Statt in Teilzeit Arbeitende zu strafen - nichts anderes wäre eine Reduktion der Sozialleistungen - sollte sich der Arbeitsminister überlegen, wie Arbeiten 2023 aussehen sollte. Flächendeckende Kinderbetreuung ist da nur eine Kleinigkeit - auch wenn Österreich Jahr um Jahr grandios daran scheitert.
Wo die Antwort zu finden ist
Die große Arbeitsfrage ist nicht, wie man Menschen in Vollzeit-Jobs zwingt. Sie ist vielmehr: Ist es realistisch, dass Menschen 30, 40, 50 Jahre lang ihr Leben um die Arbeit herum bauen? Dass Pflege von Angehörigen, Kinder Großziehen oder einfach nur Selbstfürsorge „Nebentätigkeiten“ sind, die man halt nebenbei irgendwie selbst deichseln muss - Hauptsache, man schafft 40 Stunden wöchentlich im Job?
Wie gesagt: Martin Kocher ist ein kluger Mann.
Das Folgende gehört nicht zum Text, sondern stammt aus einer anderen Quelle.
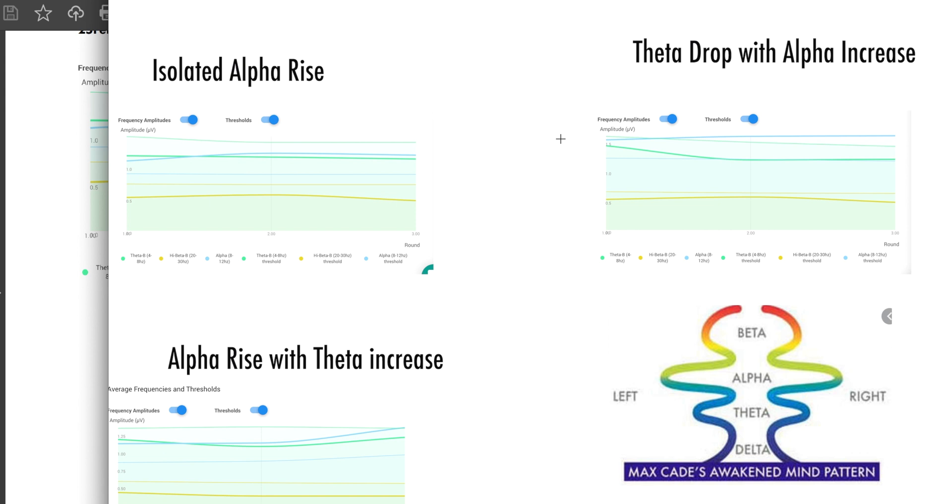So if you're getting too drowsy, you can decrease theta by promoting more wakefulness. Or if you're too anxious and distracted, you can decrease high beta by relaxing and perhaps doing some breathing exercises.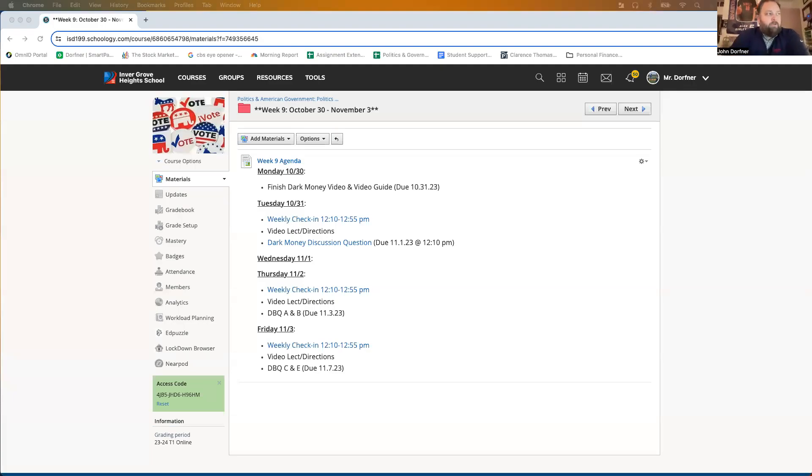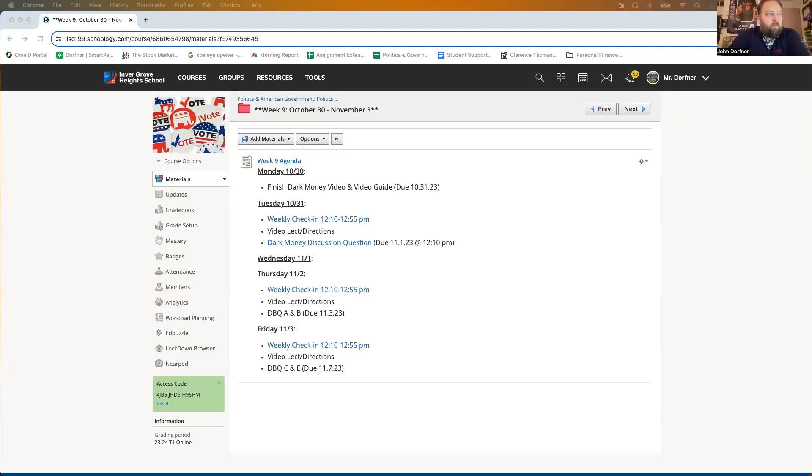Good afternoon Spartans. Happy Tuesday, October 31st. Yes, Halloween. You can see the agenda for today. We have our weekly check-in from 12:10 to 12:55. Again, you need to check in with me once a week today, Thursday, or Friday.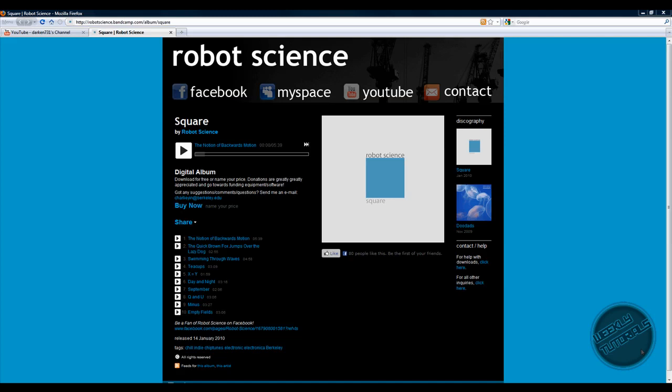Hey guys, if you like the wonderful music playing in the background by Robot Science, check my description box for the link.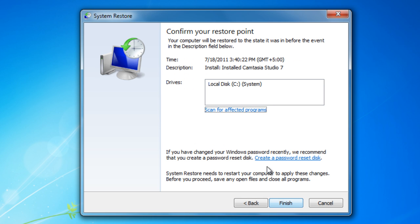Whatever option you choose, click the Next button and you'll be shown a time frame to which your PC will be restored.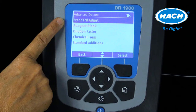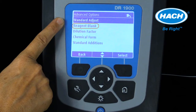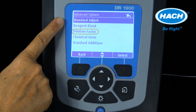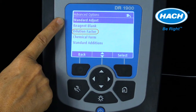The advanced options menu provides the ability to manipulate the measurement results in a number of ways. The standard adjust setting is used to adjust the results based on the measurement of a known standard solution of known concentration. Using the reagent blank option automatically subtracts the color due to the reagents, determined by testing deionized water from subsequent samples measured. The dilution factor setting can be used if the sample was diluted to lower its concentration to fit within the concentration range of the program. This calculated dilution factor can be entered into the DR-1900, and subsequent measurements will then be multiplied by that entered factor.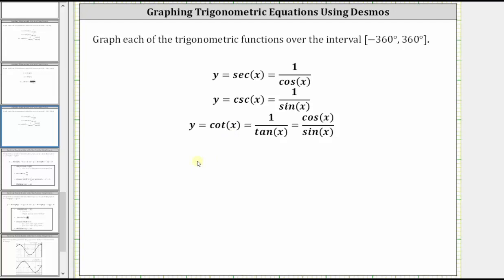It's also true that where the graph of the tangent function has a vertical asymptote, the cotangent function is equal to zero. In addition, where the tangent function is equal to one, so is the cotangent function, and where the tangent function is equal to negative one, so is the cotangent function.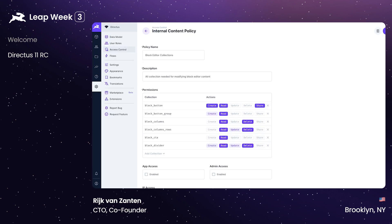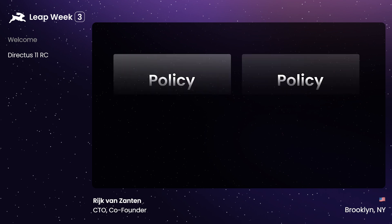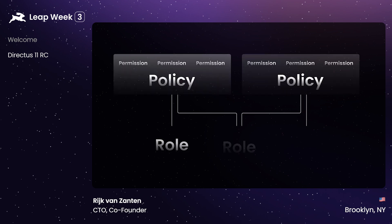A policy, however, is a set of permissions that, like today, allow you to control what a user can see or do across your collections. Policies are effectively an abstraction, allowing for one or more permissions to be reused across roles or users.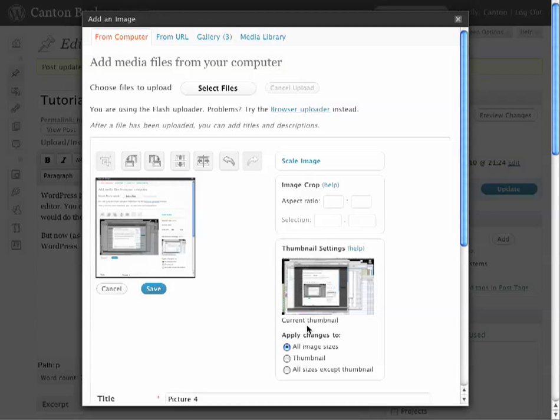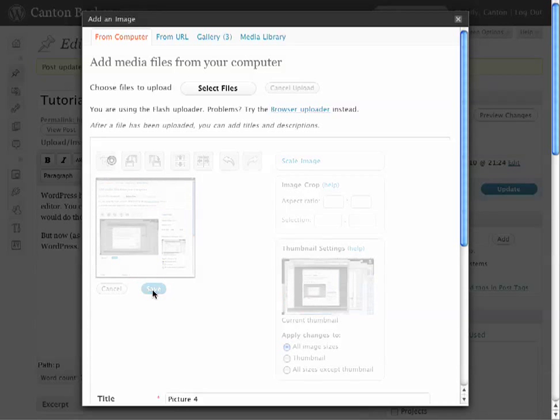I'm going to have this change apply to all the image sizes. WordPress also creates thumbnail and other versions of your images automatically, but I want it to do it to all the different versions that WordPress has created. Click Save.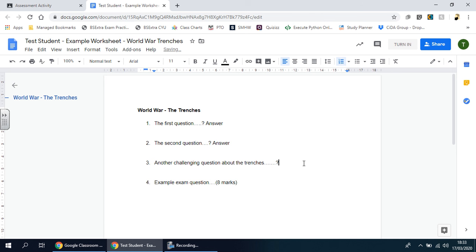It couldn't be any easier than that. You literally type in your answer all the way through. Now of course I don't want to go through any strategies in terms of exam techniques because that's not the point of this video. I just want you to focus on the fact that your answer is going here.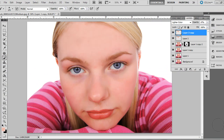Being able to remove blemishes while touching up a portrait can come in handy — whether you're a professional photographer who wants to offer this service for clients, or you're working on your own photo for a modeling headshot or even a social networking site. Here are a few techniques to remove blemishes and smooth out the skin in portraits.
Deshalb weiß er sicherlich, dass die Antwort auf die Frage nach zeitgemäßer Arbeit sich nicht in Meetings mit Wirtschaftsvertreter:innen versteckt, sondern im Gespräch mit den Menschen, die die Arbeit machen - ob nun bezahlt in Firmen oder unbezahlt zu Hause.